### Work task
Find the string "Front" in the listing below and return each line it appears in.

+++

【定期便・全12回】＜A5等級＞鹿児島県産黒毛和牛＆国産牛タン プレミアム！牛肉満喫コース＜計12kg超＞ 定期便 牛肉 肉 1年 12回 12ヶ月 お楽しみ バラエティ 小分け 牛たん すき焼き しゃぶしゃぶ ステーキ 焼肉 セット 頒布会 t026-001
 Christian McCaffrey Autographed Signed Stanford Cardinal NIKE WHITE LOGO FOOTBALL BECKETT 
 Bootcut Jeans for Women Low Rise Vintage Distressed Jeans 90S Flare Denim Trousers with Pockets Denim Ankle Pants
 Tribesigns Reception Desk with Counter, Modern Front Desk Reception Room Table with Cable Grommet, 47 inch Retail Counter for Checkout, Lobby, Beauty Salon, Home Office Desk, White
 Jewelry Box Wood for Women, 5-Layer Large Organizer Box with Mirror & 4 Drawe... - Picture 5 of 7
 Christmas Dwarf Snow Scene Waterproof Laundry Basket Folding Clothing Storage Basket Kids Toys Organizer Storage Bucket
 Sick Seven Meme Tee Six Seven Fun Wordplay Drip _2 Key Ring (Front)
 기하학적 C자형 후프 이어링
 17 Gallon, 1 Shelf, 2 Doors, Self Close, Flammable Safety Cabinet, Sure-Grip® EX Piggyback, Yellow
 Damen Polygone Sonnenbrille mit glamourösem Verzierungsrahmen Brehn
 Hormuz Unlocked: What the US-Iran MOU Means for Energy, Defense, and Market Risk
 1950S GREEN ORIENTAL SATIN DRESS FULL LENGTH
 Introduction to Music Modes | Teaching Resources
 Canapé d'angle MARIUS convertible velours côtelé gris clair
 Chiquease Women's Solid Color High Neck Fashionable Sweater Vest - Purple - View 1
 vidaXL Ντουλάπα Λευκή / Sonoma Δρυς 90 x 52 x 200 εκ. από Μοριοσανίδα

+++

### Expected output
 Tribesigns Reception Desk with Counter, Modern Front Desk Reception Room Table with Cable Grommet, 47 inch Retail Counter for Checkout, Lobby, Beauty Salon, Home Office Desk, White
 Sick Seven Meme Tee Six Seven Fun Wordplay Drip _2 Key Ring (Front)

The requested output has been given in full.